The one-of-a-kind beauty of the Croatian city of Dubrovnik is already well known. It has starred in numerous movies and shows, from The Witcher to Game of Thrones to Star Wars. But the city is not only fascinating for its cityscapes. Apart from beauty, it also has brains.
Dubrovnik between Ottoman and Venetian empires
Throughout the early modern age, between the 14th and 19th centuries, Dubrovnik was the center of Ragusa, a free merchant republic that successfully navigated a political path between the Ottoman and Venetian empires. And it was among the most progressive countries of its time.

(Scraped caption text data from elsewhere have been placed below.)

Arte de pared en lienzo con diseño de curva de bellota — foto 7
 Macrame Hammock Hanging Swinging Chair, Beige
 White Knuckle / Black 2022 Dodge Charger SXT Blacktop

If the Ragusa Republic had had an army (which it didn’t), its soldiers probably would have rushed to the battlefield crying “Libertas!” – the country’s actual motto. That’s what the Republic of Ragusa was about: free trade republic with democratic order (for its time). Ruled by a handful of aristocratic families, it had a Prince-Rector who was elected every month and was only eligible for re-election after two years.
It also had a parliament with no less than three chambers, with a senate that eventually turned over time into the real government of the country. The whole system served the purpose of not allowing power to be amassed in the hands of one family. It was also progressive in abolishing slavery as early as the early 15th century.
The Ragusa Republic had 30,000 residents across Dalmatia, 5,000 of which lived within the city walls. For some time, it also controlled the Dalmatian islands, including the disputed birthplace of Marco Polo on Korčula. Ragusa appeared as an independent republic with the capital in Dubrovnik after the 1358 Treaty of Zadar, which ended the war between Venice and Hungary. The former state then lost control over Dalmatia, including Dubrovnik, which was an important Venetian port on the other side of the Adriatic Sea.
Ragusa: independent from Budapest
Technically, Ragusa was part of Hungarian lands during some periods but was to a large extent independent from the Buda court. Then the same was true for the Ottoman Empire. Perhaps its evidently strong diplomatic skills are why Ragusa could do without proper military force.
The Republic of Ragusa’s decline started when trade routes shifted from the Mediterranean to the Atlantic. Its history ultimately came to an end with the rise of the Napoleonic period. After the Battle of Austerlitz, empires as far away as France managed to reach the eastern shores of the Adriatic, and the diplomacy Ragusa had excelled at ceased to be effective. As there is now no Republic of Ragusa, Dubrovnik remains proof of its greatness and independence.